**ACTION ITEM:**
Each line from the one containing "2Pcs 30oz Replacement" through the last line of the records below is to be set down exactly; the rest stays out.

Short descriptive text snippets

BEGIN

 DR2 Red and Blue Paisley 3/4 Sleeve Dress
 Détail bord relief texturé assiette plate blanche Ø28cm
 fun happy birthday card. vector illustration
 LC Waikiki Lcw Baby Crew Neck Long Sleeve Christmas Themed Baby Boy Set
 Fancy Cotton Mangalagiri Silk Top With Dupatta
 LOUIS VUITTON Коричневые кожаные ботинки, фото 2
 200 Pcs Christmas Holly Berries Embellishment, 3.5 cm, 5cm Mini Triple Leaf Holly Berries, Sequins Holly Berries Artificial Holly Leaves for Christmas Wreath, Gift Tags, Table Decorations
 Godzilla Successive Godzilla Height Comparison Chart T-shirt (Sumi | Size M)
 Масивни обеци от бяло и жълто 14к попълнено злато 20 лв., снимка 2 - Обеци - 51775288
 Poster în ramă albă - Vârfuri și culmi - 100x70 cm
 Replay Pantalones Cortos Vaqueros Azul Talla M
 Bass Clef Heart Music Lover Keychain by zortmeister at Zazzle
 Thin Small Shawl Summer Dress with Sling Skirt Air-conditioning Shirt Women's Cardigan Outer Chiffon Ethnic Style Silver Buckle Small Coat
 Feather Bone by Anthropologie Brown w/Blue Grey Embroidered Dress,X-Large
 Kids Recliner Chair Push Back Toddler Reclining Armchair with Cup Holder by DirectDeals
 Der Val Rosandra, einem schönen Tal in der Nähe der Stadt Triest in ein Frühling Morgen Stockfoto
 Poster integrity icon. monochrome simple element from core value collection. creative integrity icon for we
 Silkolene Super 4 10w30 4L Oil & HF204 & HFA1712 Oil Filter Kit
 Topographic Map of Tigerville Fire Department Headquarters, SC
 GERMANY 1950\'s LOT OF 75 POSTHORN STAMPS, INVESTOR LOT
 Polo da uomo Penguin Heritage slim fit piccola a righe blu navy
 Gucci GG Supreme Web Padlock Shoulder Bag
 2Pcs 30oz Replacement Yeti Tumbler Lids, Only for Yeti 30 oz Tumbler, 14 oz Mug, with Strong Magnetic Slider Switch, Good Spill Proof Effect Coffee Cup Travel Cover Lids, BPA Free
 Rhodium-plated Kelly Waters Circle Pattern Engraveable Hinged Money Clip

END

**SOLUTION:**
 2Pcs 30oz Replacement Yeti Tumbler Lids, Only for Yeti 30 oz Tumbler, 14 oz Mug, with Strong Magnetic Slider Switch, Good Spill Proof Effect Coffee Cup Travel Cover Lids, BPA Free
 Rhodium-plated Kelly Waters Circle Pattern Engraveable Hinged Money Clip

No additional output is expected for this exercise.